[LLVMdev] ARM Qualification

David A. Greene greened at obbligato.org
Tue Oct 11 16:20:17 PDT 2011


"Raja Venkateswaran" <rajav at codeaurora.org> writes:

> I think we need to think along two dimensions - Breadth of testing and depth
> of testing
>
> 1. Breadth: What the best supported ARM ISA versions in LLVM ARM? Say its
> armv6 and armv7; We need to 
> 	- regression test ARM mode, Thumb-2 and Thumb-1 mode (armv6)
> 	- Performance/code-size test ARM mode, Thumb-2 and Thumb-1 modes
>
>     We need to agree on an optimization level for regression as well as
> performance (such as -O3 for performance and -Os for code-size)
>
> 2. Depth: 
>   (a) Adding more regression tests: Every new commit comes with a set of
> tests, but these are just regression tests. We need global access to
> validation suites; unfortunately most validation suites are commercial and
> their licensing prohibits even proxy public use. What about leveraging some
> other open source test suites?
>   (b) Adding more performance tests: We need to identify performance and
> code-size regressions before committing. Currently there are wrappers for
> SPEC. What other performance/code-size suites can we get? Should there be
> guidelines for performance reporting on SPEC and/or other suites? A lot of
> users depend on LLVM ARM performance/codesize remaining stable or getting
> better, so any degradation will trigger extra work for all consumers.

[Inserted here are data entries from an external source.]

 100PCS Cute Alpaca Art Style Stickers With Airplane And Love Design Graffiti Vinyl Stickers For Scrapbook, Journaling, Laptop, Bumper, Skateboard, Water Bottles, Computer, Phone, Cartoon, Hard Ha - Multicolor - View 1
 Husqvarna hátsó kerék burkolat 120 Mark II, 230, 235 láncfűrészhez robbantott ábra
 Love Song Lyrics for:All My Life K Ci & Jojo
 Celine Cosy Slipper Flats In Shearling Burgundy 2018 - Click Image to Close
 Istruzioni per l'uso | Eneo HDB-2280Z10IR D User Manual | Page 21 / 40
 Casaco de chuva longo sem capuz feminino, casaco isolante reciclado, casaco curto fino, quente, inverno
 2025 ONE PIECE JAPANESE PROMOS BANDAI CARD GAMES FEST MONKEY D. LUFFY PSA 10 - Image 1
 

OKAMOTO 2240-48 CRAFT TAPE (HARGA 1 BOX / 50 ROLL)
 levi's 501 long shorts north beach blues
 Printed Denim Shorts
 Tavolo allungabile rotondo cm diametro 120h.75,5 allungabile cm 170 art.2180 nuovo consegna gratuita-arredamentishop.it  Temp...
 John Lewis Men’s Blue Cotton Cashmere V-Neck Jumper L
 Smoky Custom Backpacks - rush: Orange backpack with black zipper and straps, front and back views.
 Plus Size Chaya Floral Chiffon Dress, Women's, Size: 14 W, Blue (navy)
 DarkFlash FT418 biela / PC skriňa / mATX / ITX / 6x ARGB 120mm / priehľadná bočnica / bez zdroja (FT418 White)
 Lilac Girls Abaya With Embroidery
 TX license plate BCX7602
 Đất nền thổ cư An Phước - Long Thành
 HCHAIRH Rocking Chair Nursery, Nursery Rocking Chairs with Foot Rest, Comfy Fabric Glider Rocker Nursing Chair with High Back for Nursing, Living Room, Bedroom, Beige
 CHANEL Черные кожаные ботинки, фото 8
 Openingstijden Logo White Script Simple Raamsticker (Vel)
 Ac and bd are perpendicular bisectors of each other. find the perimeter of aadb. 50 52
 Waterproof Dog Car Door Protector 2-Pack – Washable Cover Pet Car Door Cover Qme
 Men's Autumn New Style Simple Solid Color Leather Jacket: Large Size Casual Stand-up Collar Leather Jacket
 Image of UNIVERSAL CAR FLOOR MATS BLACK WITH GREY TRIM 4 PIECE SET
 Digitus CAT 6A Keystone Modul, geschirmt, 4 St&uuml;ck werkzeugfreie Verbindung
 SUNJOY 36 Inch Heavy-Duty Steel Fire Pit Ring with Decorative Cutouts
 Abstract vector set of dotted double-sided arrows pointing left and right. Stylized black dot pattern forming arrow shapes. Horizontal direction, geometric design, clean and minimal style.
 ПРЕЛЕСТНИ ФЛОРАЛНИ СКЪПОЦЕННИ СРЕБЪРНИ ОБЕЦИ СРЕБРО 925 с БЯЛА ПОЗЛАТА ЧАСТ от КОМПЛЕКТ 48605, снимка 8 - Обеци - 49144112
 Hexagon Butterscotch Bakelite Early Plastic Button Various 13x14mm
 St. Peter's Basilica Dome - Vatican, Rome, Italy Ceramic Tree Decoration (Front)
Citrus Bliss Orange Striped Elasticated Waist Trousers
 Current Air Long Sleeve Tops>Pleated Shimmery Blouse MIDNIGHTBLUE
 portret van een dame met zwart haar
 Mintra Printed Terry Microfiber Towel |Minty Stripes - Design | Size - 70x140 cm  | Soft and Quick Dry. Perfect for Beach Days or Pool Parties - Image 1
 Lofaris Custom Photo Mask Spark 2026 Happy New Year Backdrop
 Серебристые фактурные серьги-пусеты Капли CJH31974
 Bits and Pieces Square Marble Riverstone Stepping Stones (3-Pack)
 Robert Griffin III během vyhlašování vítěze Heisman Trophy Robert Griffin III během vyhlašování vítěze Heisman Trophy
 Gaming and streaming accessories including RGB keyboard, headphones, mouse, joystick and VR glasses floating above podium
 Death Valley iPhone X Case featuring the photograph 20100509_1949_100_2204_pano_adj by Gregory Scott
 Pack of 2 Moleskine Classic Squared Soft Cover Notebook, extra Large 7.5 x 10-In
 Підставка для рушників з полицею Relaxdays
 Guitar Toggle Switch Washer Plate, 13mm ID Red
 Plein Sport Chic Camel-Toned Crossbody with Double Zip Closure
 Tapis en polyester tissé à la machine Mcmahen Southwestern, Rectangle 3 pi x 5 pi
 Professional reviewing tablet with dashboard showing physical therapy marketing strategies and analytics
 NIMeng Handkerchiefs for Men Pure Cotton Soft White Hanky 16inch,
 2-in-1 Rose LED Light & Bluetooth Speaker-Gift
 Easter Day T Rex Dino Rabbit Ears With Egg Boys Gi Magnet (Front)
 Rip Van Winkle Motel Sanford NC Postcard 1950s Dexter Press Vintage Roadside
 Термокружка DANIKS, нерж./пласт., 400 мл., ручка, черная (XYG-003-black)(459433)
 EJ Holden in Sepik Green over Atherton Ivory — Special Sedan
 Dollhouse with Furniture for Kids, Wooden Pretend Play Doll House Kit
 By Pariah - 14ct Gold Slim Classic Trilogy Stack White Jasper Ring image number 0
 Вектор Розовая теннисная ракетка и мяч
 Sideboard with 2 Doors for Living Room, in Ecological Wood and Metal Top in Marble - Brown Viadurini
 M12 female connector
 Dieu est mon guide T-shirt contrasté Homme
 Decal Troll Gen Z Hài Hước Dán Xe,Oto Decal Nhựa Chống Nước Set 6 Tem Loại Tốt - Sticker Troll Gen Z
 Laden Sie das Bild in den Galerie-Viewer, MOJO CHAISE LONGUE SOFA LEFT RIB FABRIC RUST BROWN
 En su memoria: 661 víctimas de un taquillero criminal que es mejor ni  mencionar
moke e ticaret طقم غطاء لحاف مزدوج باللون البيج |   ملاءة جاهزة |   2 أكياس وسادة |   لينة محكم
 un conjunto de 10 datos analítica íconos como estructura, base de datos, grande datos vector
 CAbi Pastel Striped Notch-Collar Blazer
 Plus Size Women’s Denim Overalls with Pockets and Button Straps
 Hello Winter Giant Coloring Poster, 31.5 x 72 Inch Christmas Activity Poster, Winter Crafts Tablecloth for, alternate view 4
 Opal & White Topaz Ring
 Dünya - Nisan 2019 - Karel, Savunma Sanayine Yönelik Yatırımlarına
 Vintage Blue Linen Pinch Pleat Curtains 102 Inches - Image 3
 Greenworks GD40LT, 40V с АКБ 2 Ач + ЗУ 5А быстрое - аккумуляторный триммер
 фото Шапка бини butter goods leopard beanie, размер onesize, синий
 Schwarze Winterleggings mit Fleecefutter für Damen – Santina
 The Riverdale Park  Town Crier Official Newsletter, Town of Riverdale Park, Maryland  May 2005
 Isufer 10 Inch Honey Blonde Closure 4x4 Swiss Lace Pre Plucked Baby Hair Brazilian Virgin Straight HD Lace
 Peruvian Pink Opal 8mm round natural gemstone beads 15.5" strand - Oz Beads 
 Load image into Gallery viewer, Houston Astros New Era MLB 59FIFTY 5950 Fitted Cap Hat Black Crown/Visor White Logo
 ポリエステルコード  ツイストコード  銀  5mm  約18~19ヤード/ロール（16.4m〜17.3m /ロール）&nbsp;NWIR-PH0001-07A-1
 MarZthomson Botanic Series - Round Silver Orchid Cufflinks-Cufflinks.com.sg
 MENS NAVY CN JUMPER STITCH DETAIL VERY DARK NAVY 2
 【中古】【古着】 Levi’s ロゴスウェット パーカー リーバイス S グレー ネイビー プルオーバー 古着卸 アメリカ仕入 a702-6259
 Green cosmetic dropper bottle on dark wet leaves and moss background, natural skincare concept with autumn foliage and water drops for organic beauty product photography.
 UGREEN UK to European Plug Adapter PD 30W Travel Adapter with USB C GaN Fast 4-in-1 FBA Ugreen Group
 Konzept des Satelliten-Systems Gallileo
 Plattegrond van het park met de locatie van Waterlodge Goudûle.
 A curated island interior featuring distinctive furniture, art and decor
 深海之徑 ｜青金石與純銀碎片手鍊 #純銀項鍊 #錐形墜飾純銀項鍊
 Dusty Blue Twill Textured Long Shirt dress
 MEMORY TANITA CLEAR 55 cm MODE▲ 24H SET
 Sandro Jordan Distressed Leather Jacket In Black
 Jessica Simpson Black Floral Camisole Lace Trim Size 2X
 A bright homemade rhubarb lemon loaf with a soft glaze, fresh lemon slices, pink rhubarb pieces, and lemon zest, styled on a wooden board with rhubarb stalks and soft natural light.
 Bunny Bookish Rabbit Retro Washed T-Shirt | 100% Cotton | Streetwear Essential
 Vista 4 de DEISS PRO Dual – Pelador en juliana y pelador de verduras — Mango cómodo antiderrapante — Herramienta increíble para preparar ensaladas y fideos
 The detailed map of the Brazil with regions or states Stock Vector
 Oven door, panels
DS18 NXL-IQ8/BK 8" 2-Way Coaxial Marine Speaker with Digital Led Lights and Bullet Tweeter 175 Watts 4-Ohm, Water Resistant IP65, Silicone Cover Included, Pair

This seems excessive and unrealistic.  We're never going to come up with
a testsuite that satisfies everyone's needs and doing so could well be
counter-productive.  If no one can commit anything unless it passes
every test (including performance) for every target under multiple
option combinations, nothing will ever get committed.  Especially if no
one has access to systems to debug on.

I think it's reasonable for the LLVM community to expect that LLVM users
who have such rigorous testing needs develop their own systems.  Testing
is an extremely costly process in terms of dollars, work hours and
equipment expenditures.  There's no way the LLVM community can support
such things.

We have our own test suites with tens of thousands of tests that gets
run every night.  When we find a problem in LLVM, we fix it and report
it upstream when feasible.  If we don't report it upstream or commit the
fix, we have implicitly accepted responsibility for maintaining the fix.
This has worked well for us for years and I don't see any need to push
that cost and responsibility onto the community.